Nada de eso, mujer sagrada. Nunca pedí visiones y a menudo deseo que las reciba otra gente. Pero si insistes en darme un mensaje, ten la amabilidad de hacerlo inteligible. Es lo que yo procuro hacer.

Luet trató de excluir el rencor de su voz, pero no pudo resistirse a exigir una respuesta clarificadora.

—¿De quién hablas?

La mujer le abofeteó la cara, arrancándole lágrimas de vergüenza y dolor.

—¿Qué he hecho?

—Te castigo ahora por la ofensa que cometerás —dijo la mujer sagrada—. Has pagado, y nadie puede exigir que pagues más.

Luet no se atrevió a formular más preguntas; la respuesta no le apetecía. Estudió a la mujer, tratando de encontrar comprensión en sus ojos. ¿O acaso sólo hallaría locura? ¿Tenía que ser la verdadera voz del Alma Suprema? Si era locura, todo sería más fácil.
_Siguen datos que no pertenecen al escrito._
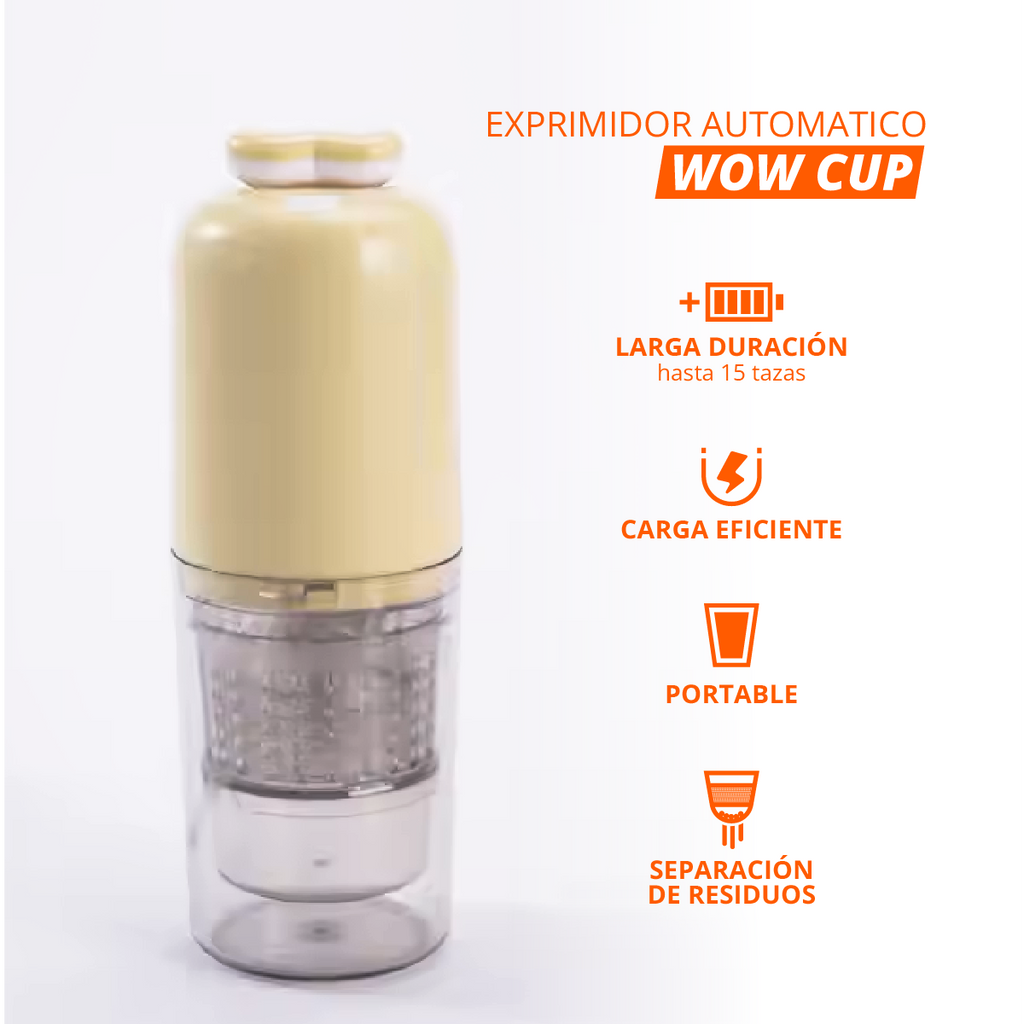 Extractor portátil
La anciana extendió la mano hacia la mejilla de Luet, quien retrocedió. Pero esta vez la mujer la tocó con dulzura y le enjugó una lágrima.

—No tengas miedo de la sangre de sus manos. Como el agua de la visión, el Alma Suprema la recibirá como una plegaria.

La mujer santa de pronto puso cara de fatiga. La luz de sus ojos se apagó.

—Hace frío —dijo.

—Sí.

—Estoy demasiado vieja.

Ni siquiera tenía el cabello cano, pero Luet pensó: sí, eres muy vieja.

—Nada ha de durar —sugirió la mujer santa—. Sea dorado o plateado. Sea comprado o robado.

Era una rimadora. Muchos creían que cuando una mujer sagrada se ponía a rimar, significaba que el Alma Suprema hablaba por su boca. Pero no era así: las rimas eran una especie de música, la voz del trance que mantenía a algunas mujeres sagradas distanciadas de su vida sórdida y terrible. Sólo decían cosas coherentes cuando dejaban de rimar.

La mujer sagrada echó a andar como si se hubiera olvidado de Luet. Como no parecía recordar dónde estaba su refugio, Luet le cogió la mano y la condujo hasta allí, la ayudó a sentarse y acurrucarse contra la pared que la protegía del viento.

—Lejos del viento —susurró la mujer—. Los pecados lamento.

Luet la dejó allí y reanudó la marcha. La luna estaba más alta, pero la mejor luz no logró animarla. Aunque la mujer sagrada era inofensiva, había recordado a Luet cuántas personas podían ocultarse en las sombras y lo vulnerable que era ella. Se hablaba de hombres que trataban a las ciudadanas tal como la ley les permitía tratar a las mujeres sagradas. Pero eso no era lo peor.

Hay muerte en la ciudad, pensó Luet. Muerte, no santidad, y Gaballufix fue quien pensó primero en ello. De no haber sido por la visión y la advertencia que me comunicó el Alma Suprema, buenos hombres habrían perecido. Tiritó al recordar la garganta cortada de su visión.

Al fin llegó al punto donde el Camino Sagrado se ensanchaba para descender hacia el valle y se transformaba en un barranco con antiguos escalones tallados en la roca, que conducían directamente al lugar donde el lago humeaba con un color sulfuroso. Las que adoraban allí conservaban el olor durante días. Quizá fuera sagrado, pero Luet lo encontraba sumamente desagradable y nunca adoraba allí. Prefería el sitio donde las aguas calientes se mezclaban con las frías creando esa densa niebla, donde podía flotar dejándose acariciar por corrientes de temperaturas cambiantes. Allí su cuerpo bailaba en el agua sin voluntad propia y ella podía entregarse plenamente al Alma Suprema.